[Opening EXCERPTED RECORDS section]
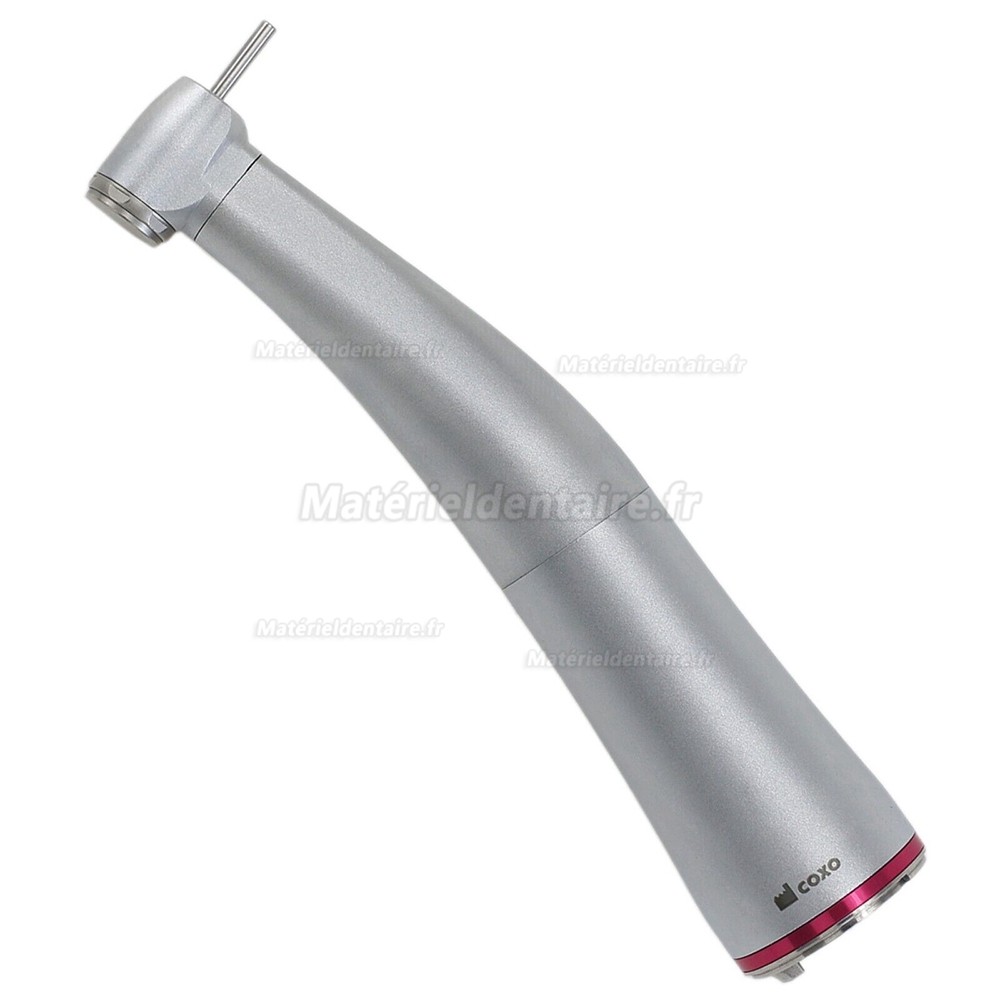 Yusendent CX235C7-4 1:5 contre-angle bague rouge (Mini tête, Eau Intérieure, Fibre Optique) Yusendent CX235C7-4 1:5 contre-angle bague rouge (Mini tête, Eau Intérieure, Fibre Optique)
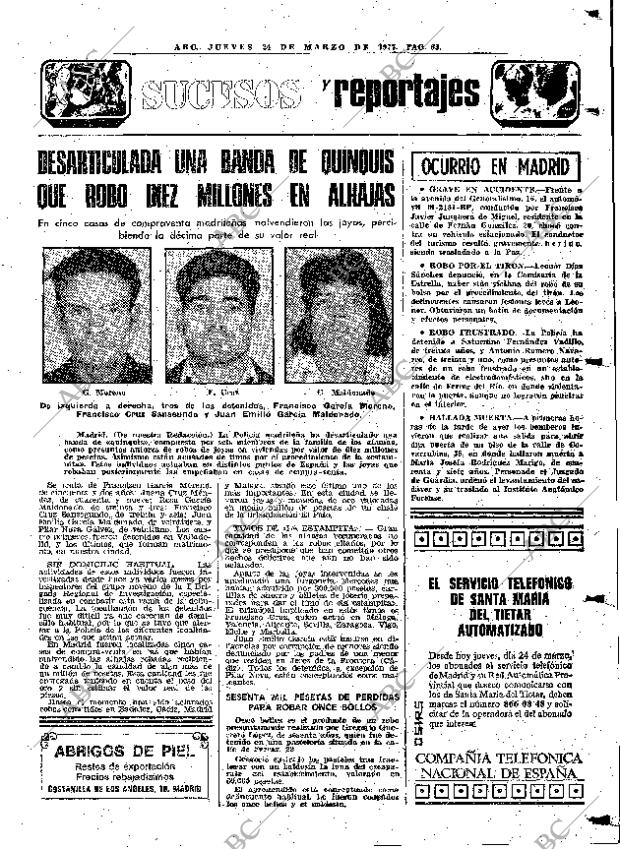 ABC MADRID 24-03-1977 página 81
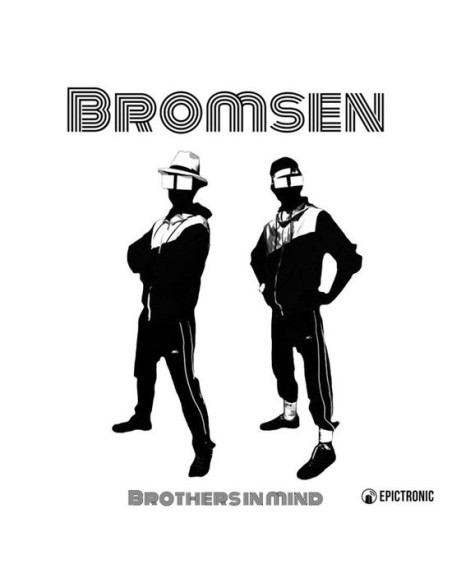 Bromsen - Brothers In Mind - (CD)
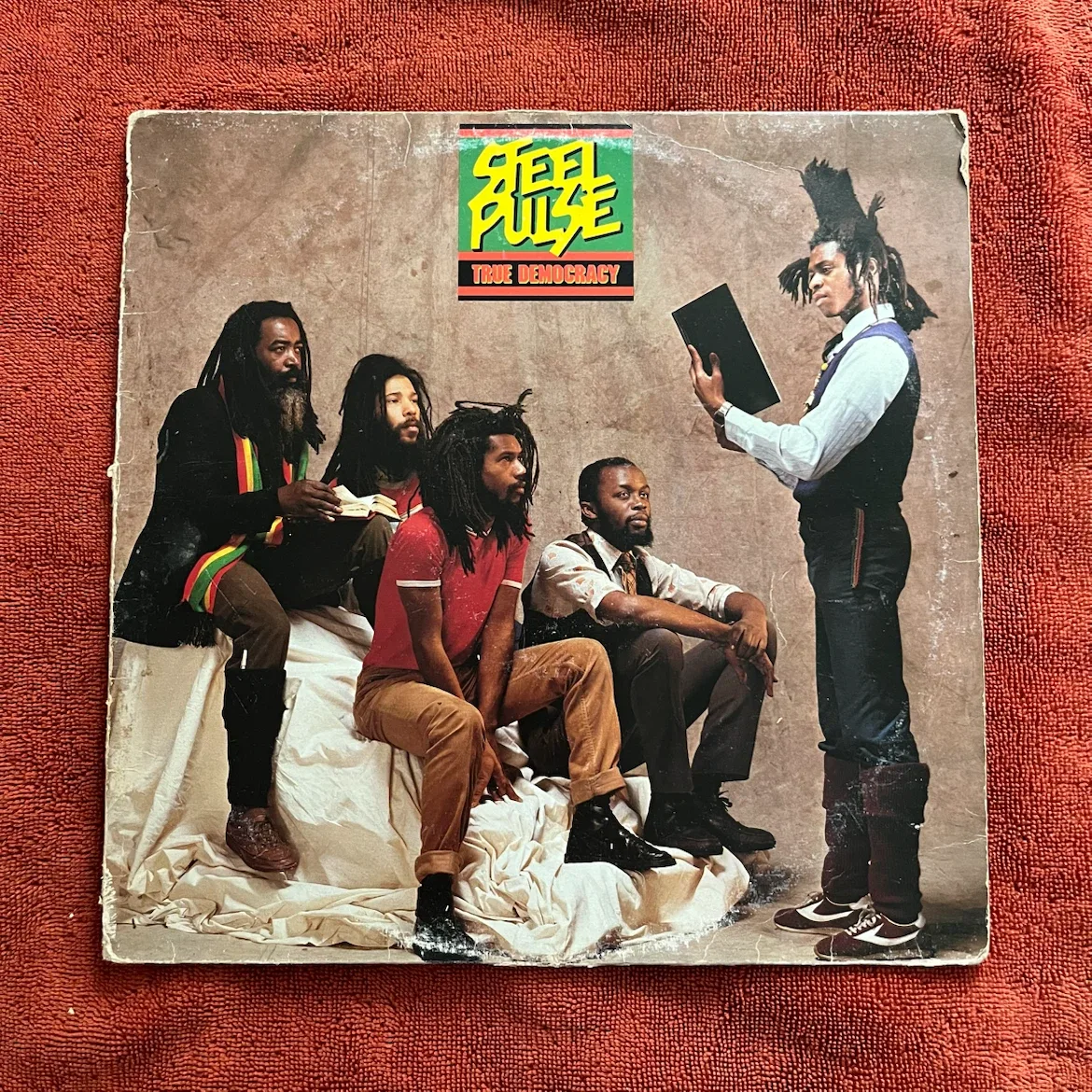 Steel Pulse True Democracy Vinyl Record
[Closing EXCERPTED RECORDS section]
[Opening EXCERPTED RECORDS section]
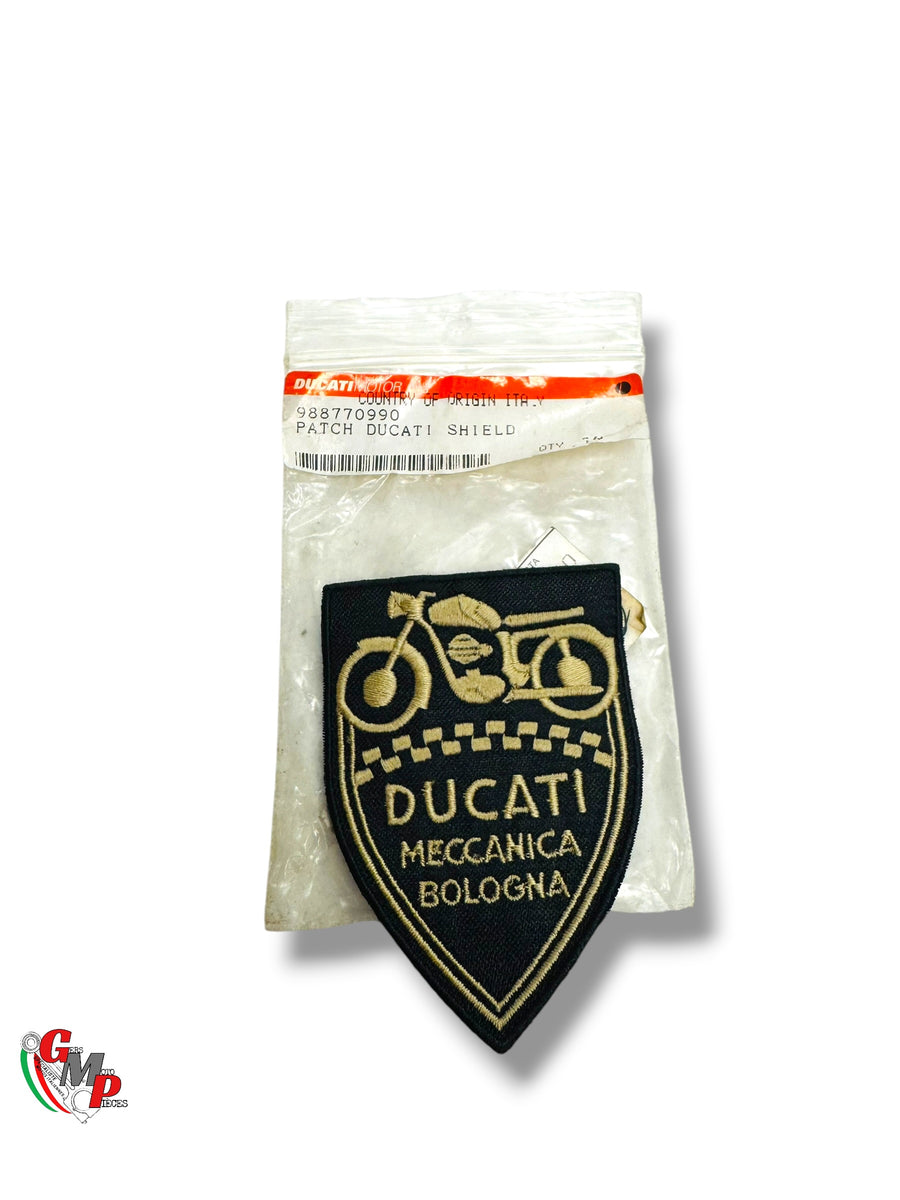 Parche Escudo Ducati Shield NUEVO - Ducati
[Closing EXCERPTED RECORDS section]
[Opening EXCERPTED RECORDS section]
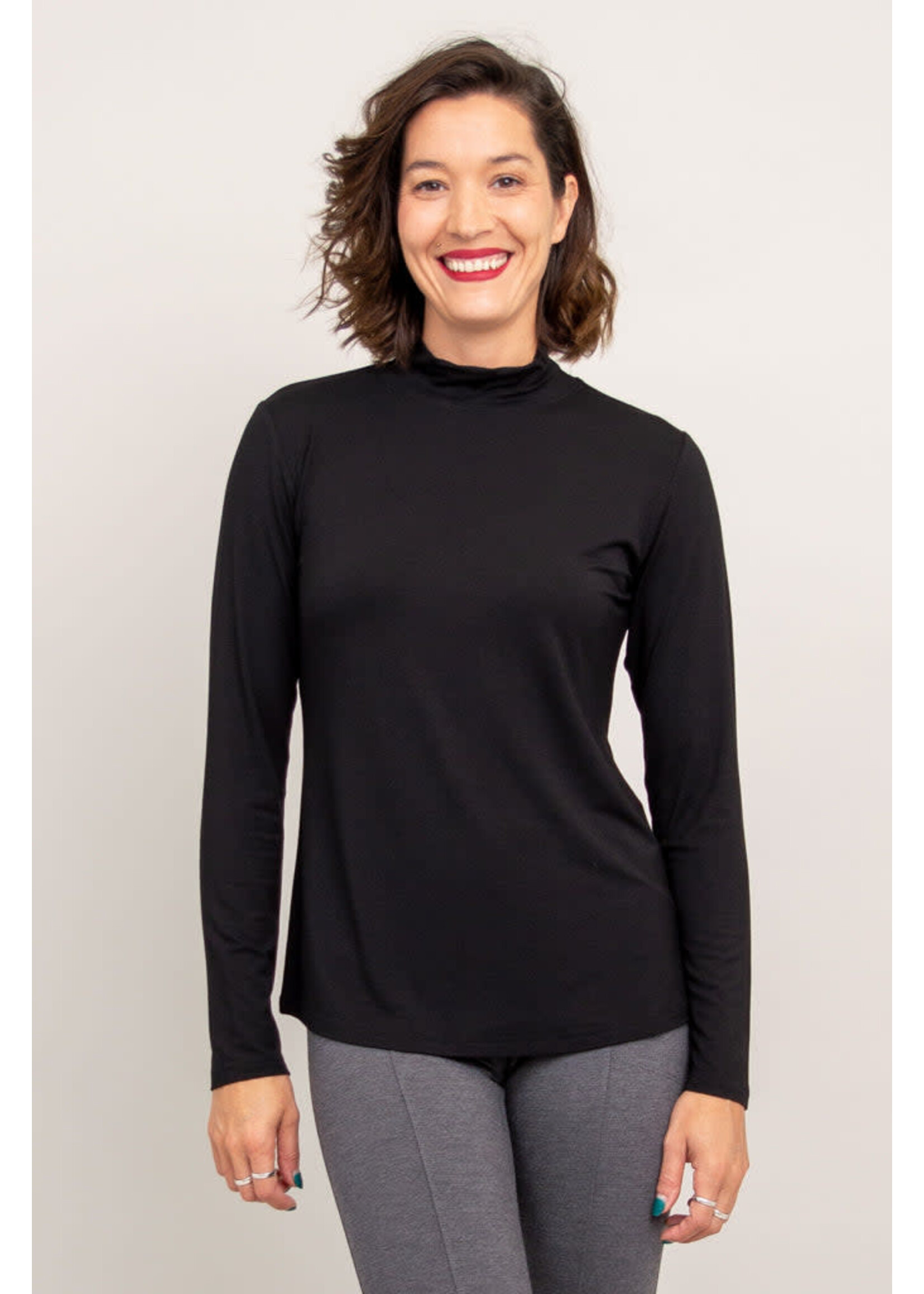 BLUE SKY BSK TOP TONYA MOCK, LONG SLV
[Closing EXCERPTED RECORDS section]
Leaving out the pictures, please output the lines in the entries above from the one with "Fibre Optique) Yusendent" through the one with "Steel Pulse True Democracy Vinyl Record", exactly as they are.

◆ SOLUTION TO THIS EXERCISE ◆
 Yusendent CX235C7-4 1:5 contre-angle bague rouge (Mini tête, Eau Intérieure, Fibre Optique) Yusendent CX235C7-4 1:5 contre-angle bague rouge (Mini tête, Eau Intérieure, Fibre Optique)
 ABC MADRID 24-03-1977 página 81
 Bromsen - Brothers In Mind - (CD)
 Steel Pulse True Democracy Vinyl Record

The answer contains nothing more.